Monday, Sep. 28, 1942
Miss Cassidy of Chicago
For years, flame-haired young Claudia Cassidy grubbed away writing a music-and-theater column for the Chicago Journal of Commerce. Her pay was low but her spirit high: steadily and surely Miss Cassidy became known to an ever wider public as the best music critic in Chicago. Her two 18-carat assets: 1) a shrewd sense of musical values, 2) a gift of writing pointed criticism engagingly. Examples: (after Galli-Curci's ill-fated attempt at a comeback) "Instead of cream velvet jeweled with coloratura splendor there is an unsteady little lyric soprano quavering like a sad ghost pleading for reincarnation"; (describing William Walton's Scapino Overture) "A blithe, scapegrace carefree sort of score, it makes you think Walton must have whistled it when he drove his ambulance through the London streets, spiritually thumbing his nose at Hitler."
Miss Cassidy's light burned unwaveringly, though under the Journal of Commerce's bushel (circ. 21,000). Other newspapers repeatedly passed her by, hiring "long haired" esthetes to write dull but pompous-sounding critiques.
Last December Claudia got her break: Marshall Field's new Chicago Sun (present circ. 310,000) hired her as its music critic. Last week she got another: the Chicago Tribune snatched her away from the Sun, will now spread her opinions before 1,150,000 readers.

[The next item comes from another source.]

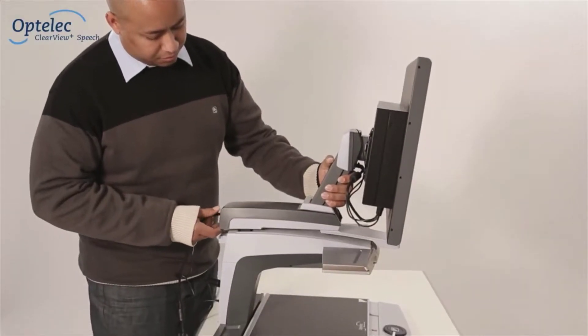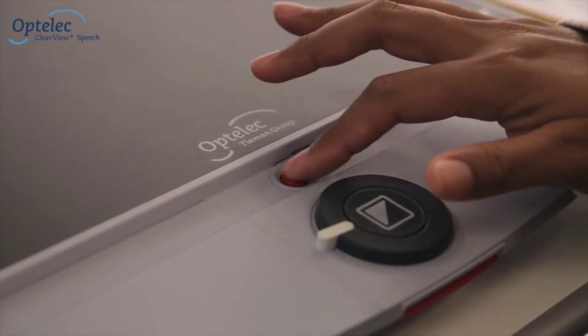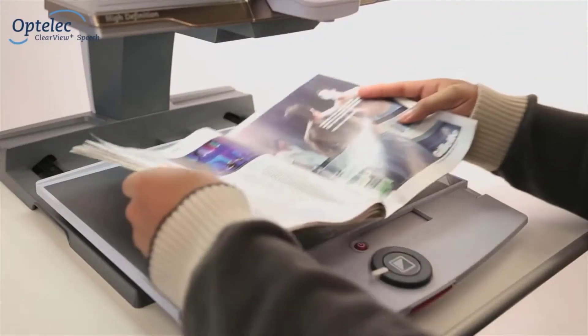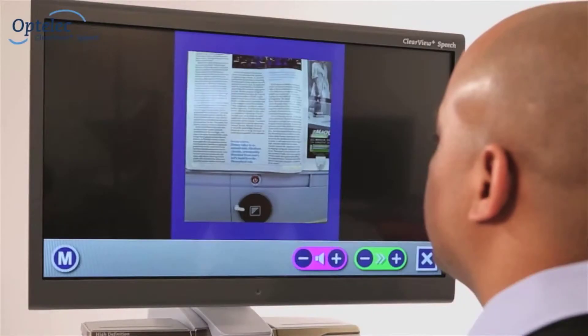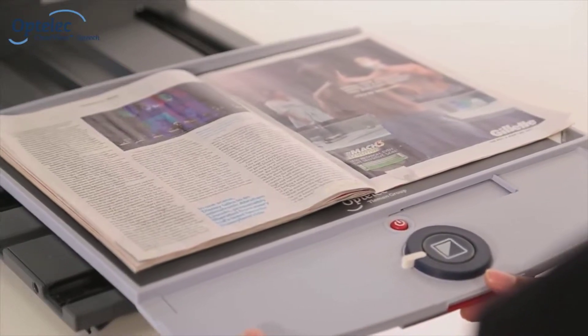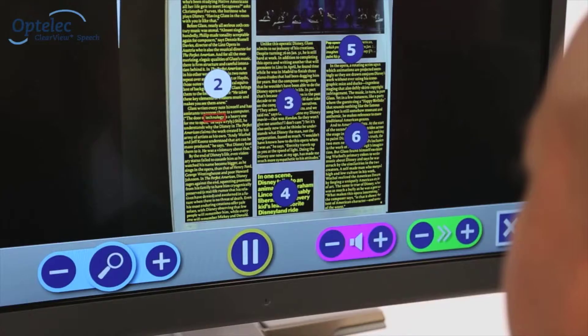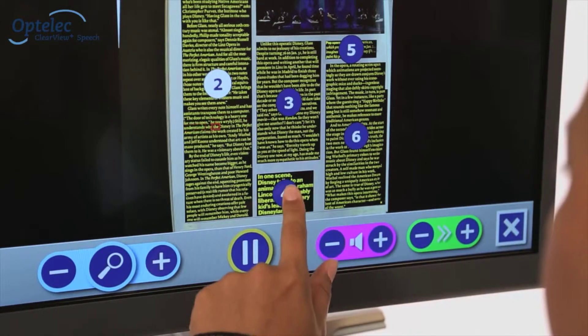Attach the module to a Clearview Plus desktop video magnifier and turn the Clearview Plus on. Tap the screen to activate the speech function. Position a document into the reading frame and tap the screen again. The Clearview Plus Speech will automatically start reading aloud and will mark each paragraph.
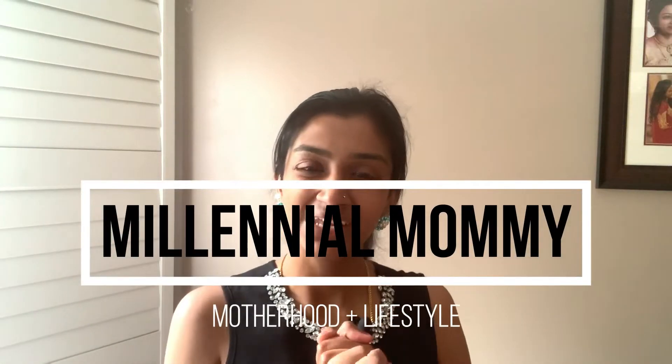Hey friends, welcome back to my channel. My name is Sarah, and if you're new, welcome! Today I wanted to do another face pack video, and I wanted to create a series where every Monday I'd be uploading a face mask or hair mask video.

This change fixed up Claudia Cassidy and the Chicago Tribune fine, but left the rest of the Chicago press in bad shape musically. The Sun replaced Claudia with aging (70), venerable Felix Borowski, who has written eminently sound but eminently dull notes for the Chicago Symphony programs for years. The Chicago Daily News, on a policy of penny-wisdom, has been having its syrupy art critic, C. J. Bulliet, triple in brass: he writes not only music but movies and the theater. The Times has a stockbroker, R. J. Pollack, who writes music notes in his spare time (which is what many brokers have a lot of in 1942). The Herald-American has its patriarch, 83-year-old Herman DeVries, but usually crunches his opinions into two paragraphs, no matter what the event.